L'origine du peuplement des Amériques est sujet à un débat intense dans le domaine de l'archéo-génétique. Deux découvertes récentes sont importantes dans ce débat. L'individu Upward Sun River 1 (USR1) issu d'une sépulture double d'enfants en Alaska et daté d'environ 11.500 ans représente un lignage jusque là inconnu qui a divergé de toute population Amérindienne entre 22.000 et 18.000 ans, et avant la séparation entre les deux principales branches relatives aux Amérindiens du Nord et du Sud qui auraient divergé entre 17.500 et 14.600 ans. Deux autres individus issus des sites archéologiques de Duvanny Yar (Kolyma1) en Sibérie du nord-est, daté de 9800 ans et Ust'-Kyakhta-3 dans la région du lac Baïkal, daté de 14.000 ans représenteraient également des populations à l'origine du peuplement des Amériques et qui auraient divergé des populations Amérindiennes avant l'individu de Upward Sun River. De plus, six individus du début du Néolithique de la grotte de Devil's Gate dans le bassin de la rivière Amour montrent une continuité génétique dans cette région jusqu'à maintenant et avec une majorité des populations actuelles de Sibérie.

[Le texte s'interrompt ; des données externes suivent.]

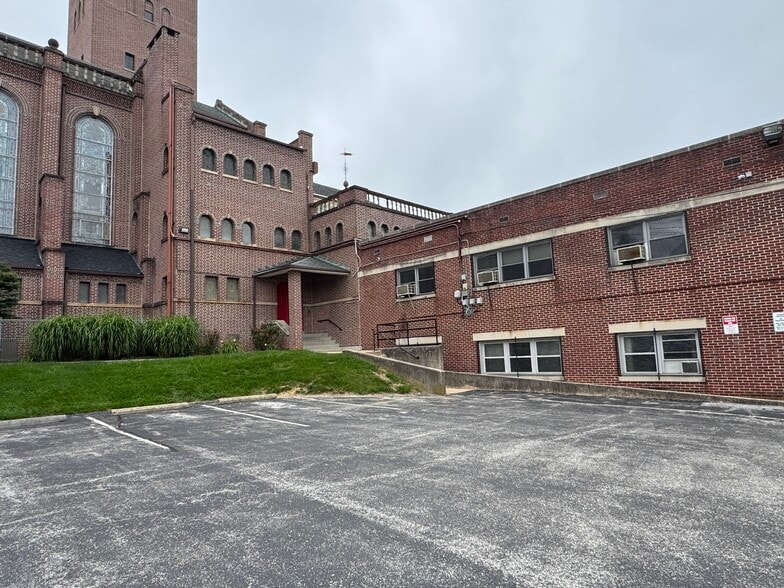 More Photos Of 100 Lafayette St, York Specialty For Sale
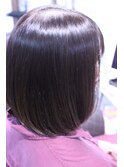 髪のダメージがない白髪染めカラーグレスボブ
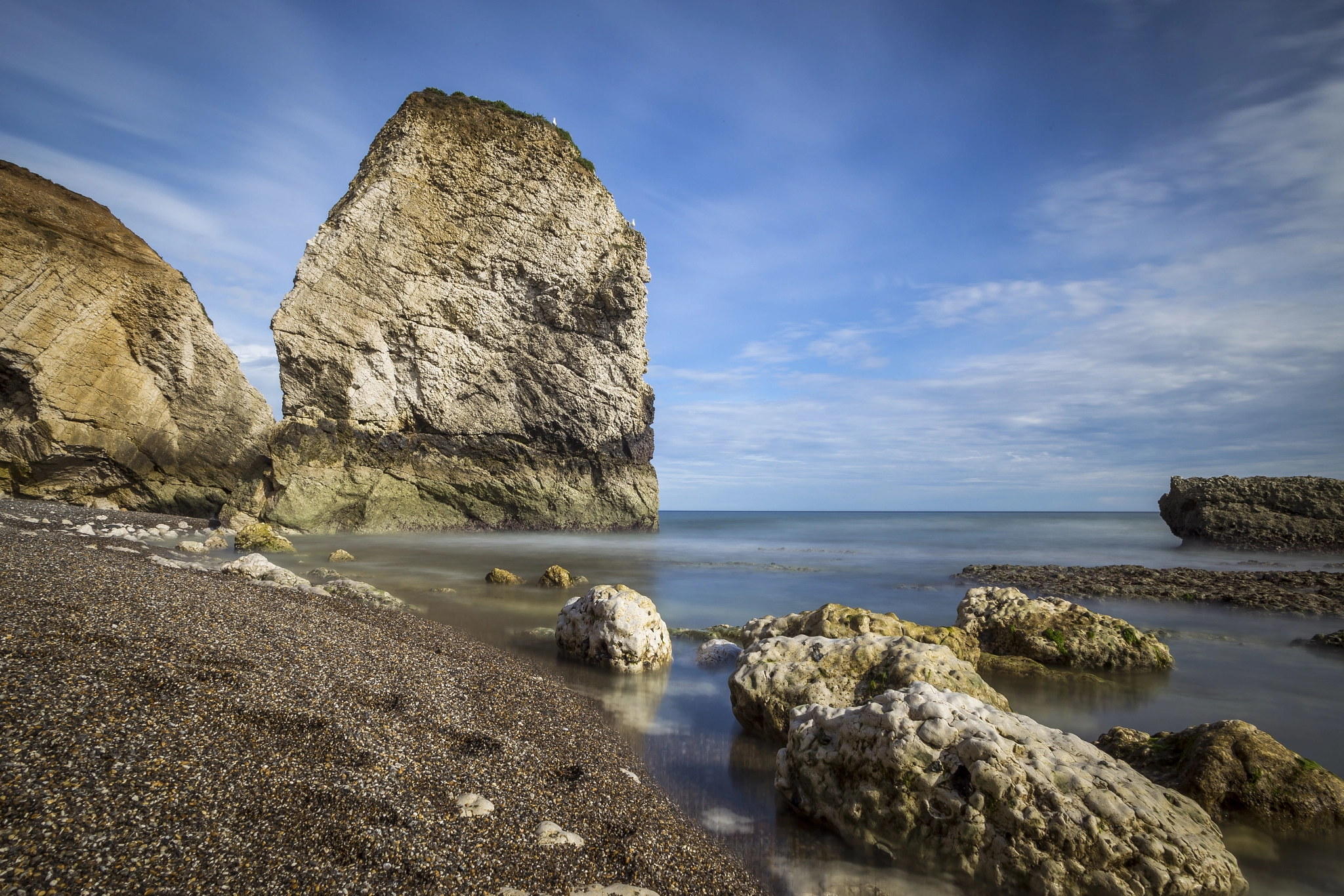 Canon EF 20-35mm F3.5-4.5 USM sample photo. Mermaid rock photography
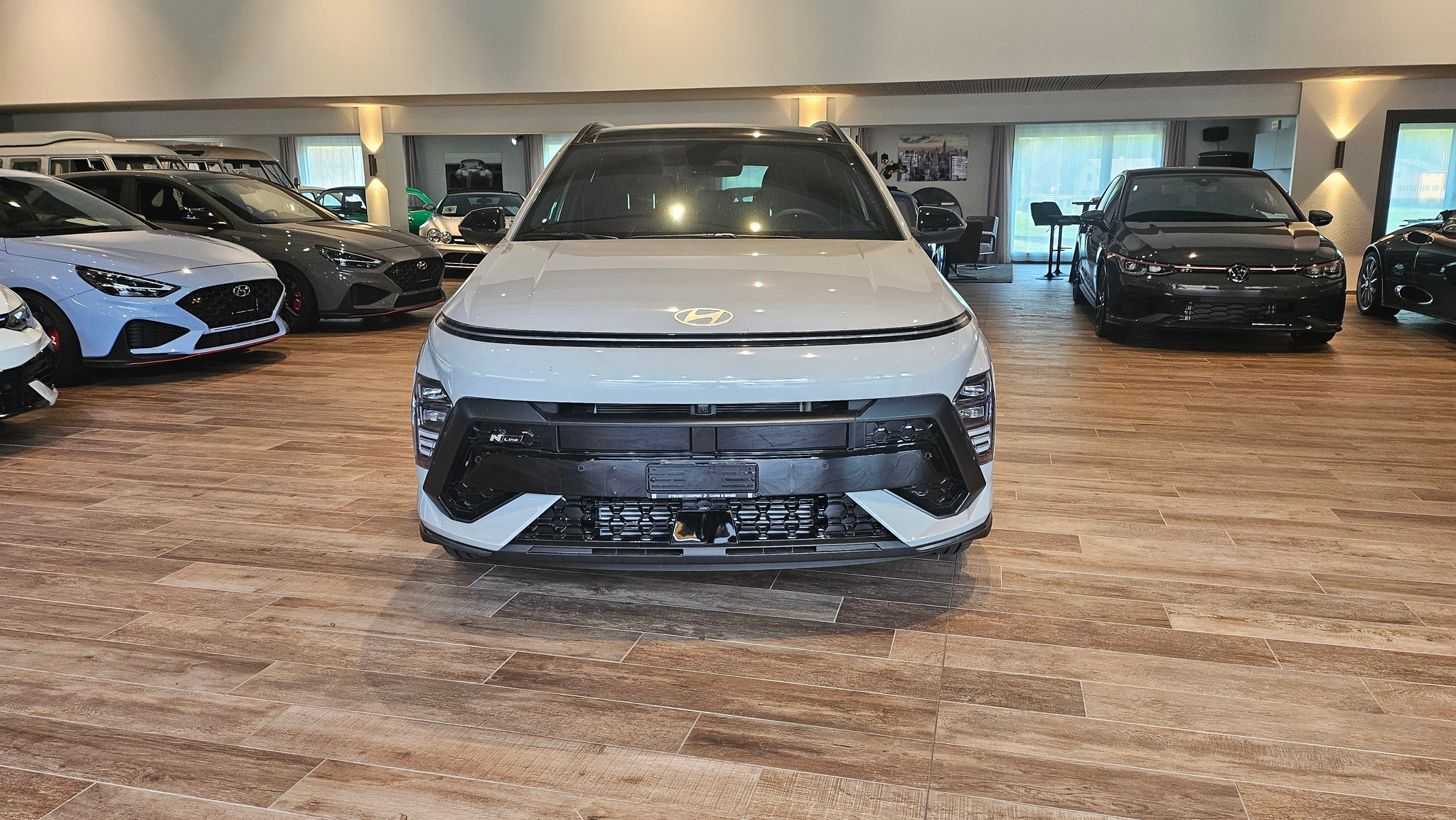 listing desktop thumbnail image 1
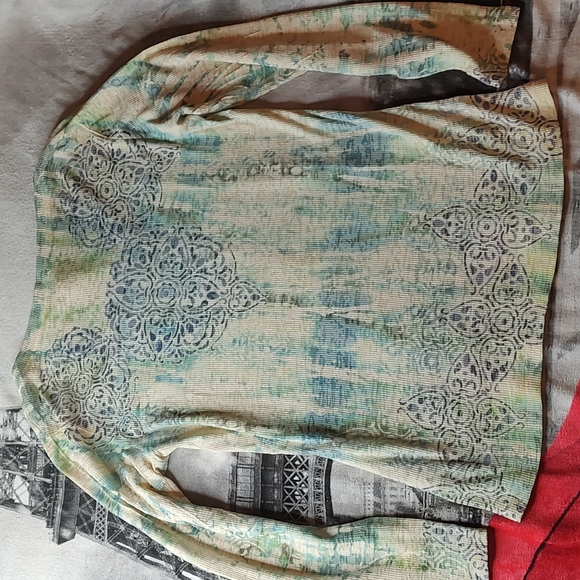 Kiara Green/White Shirt - Picture 6 of 7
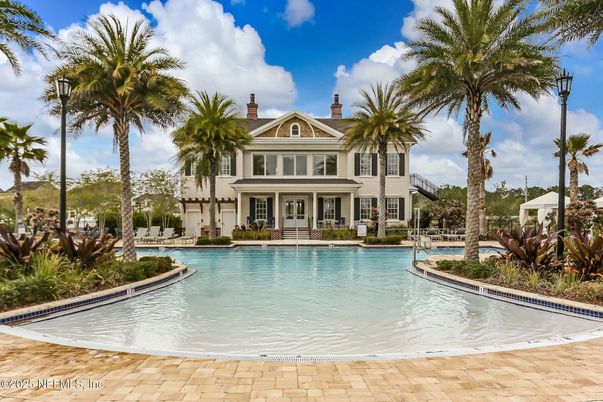 Exterior, Facade, Pool, Georgian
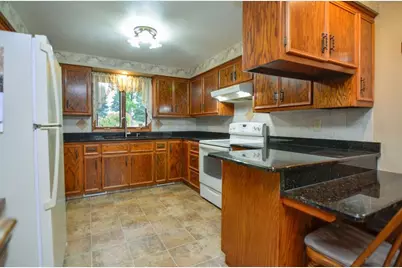 1040 Debra Street, Wrightstown, WI 54180 - Photo 13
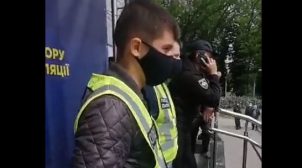 В Днепре полиция окружила здание штаба «Руху Опору капітуляції» и заклеила символику. ВИДЕО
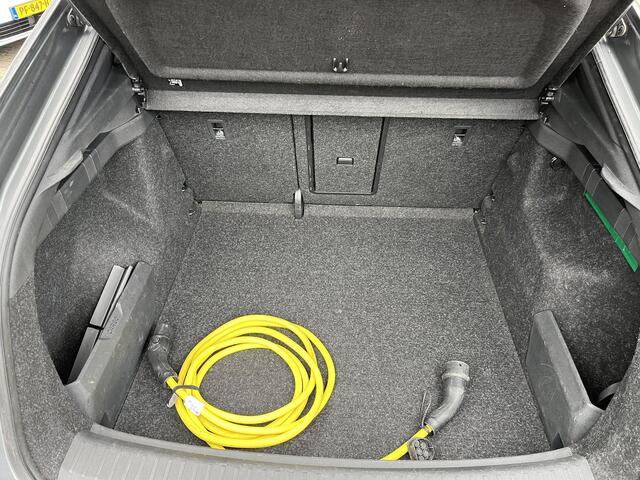 Skoda Enyaq iV Coupé 80 RS SOH 89% |ELEK. ACHTERKLEP| PANO| ELEK. STOEL MET MEMORY| NET ONDERHOUD GEHAD RIJKLAAR| RS KUIPSTOELEN| DODE HOEK SENSOR| CAMERA| STOEL + STUURVERWARMING|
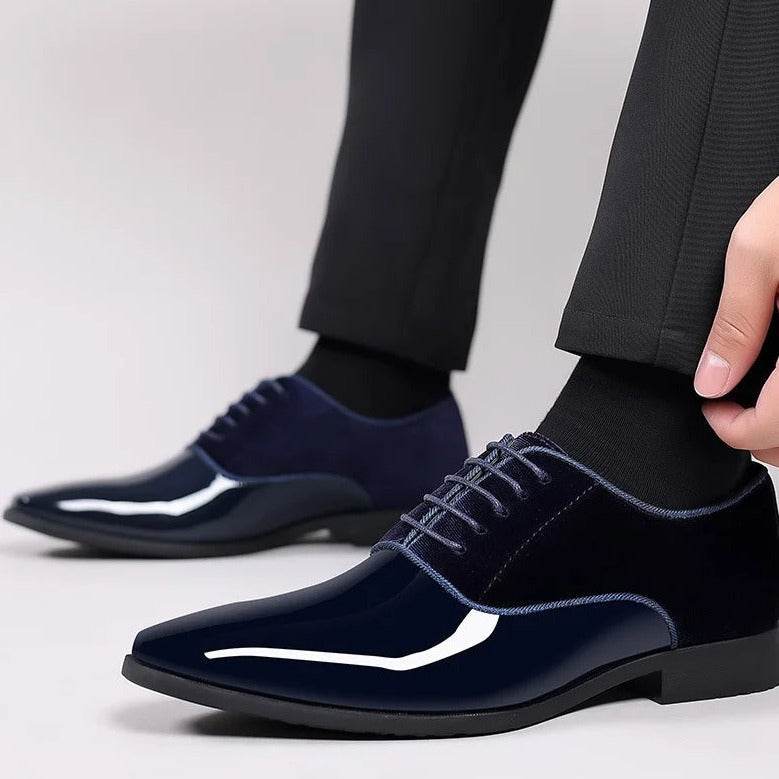 Sapatos de cerimónia de homem em pele envernizada AureaStride — Conforto leve - Desfino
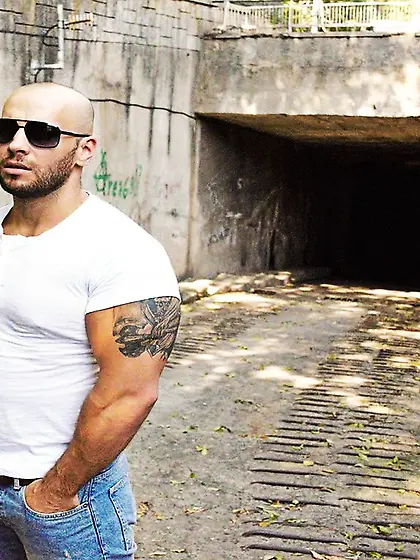 White gay morristhehumme smoking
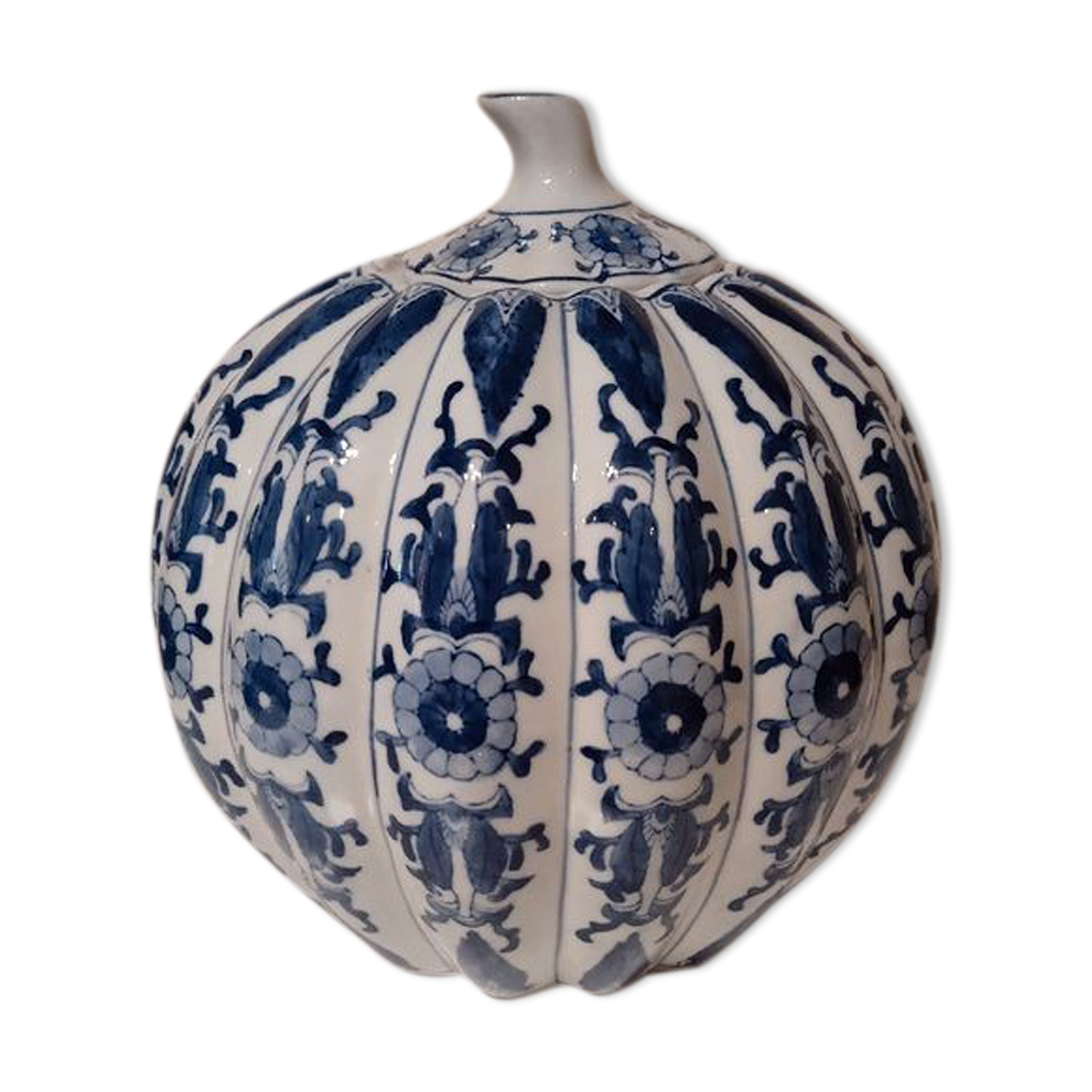 Chinese ginger porcelain pot blue and white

Chao Ning et ses collègues viennent de publier un papier intitulé: The genomic formation of First American ancestors in East and Northeast Asia. Ils ont séquencé 12 individus du site archéologique de Houtaomuga dans le bassin de la rivière Amour dans le nord-est de la Chine, datés entre 12.000 et 2300 ans:

2020_Ning2_Figure1.jpg, oct. 2020

Parmi ces douze individus, six ont été éliminés pour cause de contamination. Parmi les six derniers individus seuls trois ne présentent pas d'ascendance ouest Eurasienne: deux individus du Néolithique Ancien et un individu de l'Âge du Fer.

Les auteurs ont effectué une Analyse en Composantes Principales pour comparer le génome de ces individus à celui d'autres individus anciens ou contemporains. Dans la figure ci-dessous, les chasseurs-cueilleurs de l'ouest (WHG) sont situés à gauche (disques gris), les premiers Américains (FAM) en haut (disques rouges) et les individus de Houtaomuga en bas à droite (disques cyan), proche des autres populations de la région du bassin de l'Amour:

2020_Ning2_Figure2c.jpg, oct. 2020

De manière intéressante, les deux individus USR1 et Kolyma1 se situent entre les Premiers Américains et les populations d'Asie de l'Est.

Les auteurs ont ensuite utilisé les logiciels qpAdm et qpWave pour construire un graphe démographique pour mettre en évidence les différents mélanges génétiques:

2020_Ning2_Figure3a.jpg, oct. 2020

D'après ce modèle l'individu USR1 serait issu de deux sources ancestrales. La première inclue un mélange entre les Premiers Américains et une population proche du garçon de Mal'ta (ANE). La seconde source inclue une autre population proche du garçon de Mal'ta et une population proche des individus de Houtaomuga. Cette dernière composante représente entre 6 et 35% du génome de USR1.

L'individu Kolyma1 serait lui issu d'un mélange génétique entre les Premiers Américains, une population proche du garçon de Mal'ta et une population proches des individus de Houtaomuga. Cette dernière composante représente entre 37 et 55% du génome de Kolyma1, et la composante Amérindienens entre 19 et 38%.

De manière intéressante, les Premiers Américains et l'individu USR1 ne font pas partie d'une branche unique. La source Amérindienne dans l'individu USR1 appartient à la branche Nord Amérindienne seulement. De plus il n'y a pas de flux de gène en provenance d'une population proche du garçon de Mal'ta dans l'ancêtre commun de USR1 et des Premiers Américains.

En conclusion l'interprétation la plus probable de ces résultats est que la divergence entre les branches Nord et Sud Amérindiennes est intervenue en Asie immédiatement après la fin de l'isolation Béringienne qui en fait a du avoir lieu en dehors de la Béringie:

2020_Ning2_Figure4.jpg, oct. 2020

Ce modèle explique la présence du signal du bassin de la rivière Amour chez les anciens Béringiens sans invoquer plusieurs passages par le détroit de Bering pour lesquels il n'y a pas de preuve archéologique claire. Les auteurs supposent que les Sud Amérindiens ont été les premiers à franchir le détroit de Bering, suivis par les Nords Amérindiens qui ont eu le temps auparavant, d’interagir avec les populations du bassin de l'Amour. Cette hypothèse facilite également l'interaction avec la population Y proche des Onges ou de l'ancien individu de Tianyuan et identifiée dans le génome de quelques populations Amérindiennes.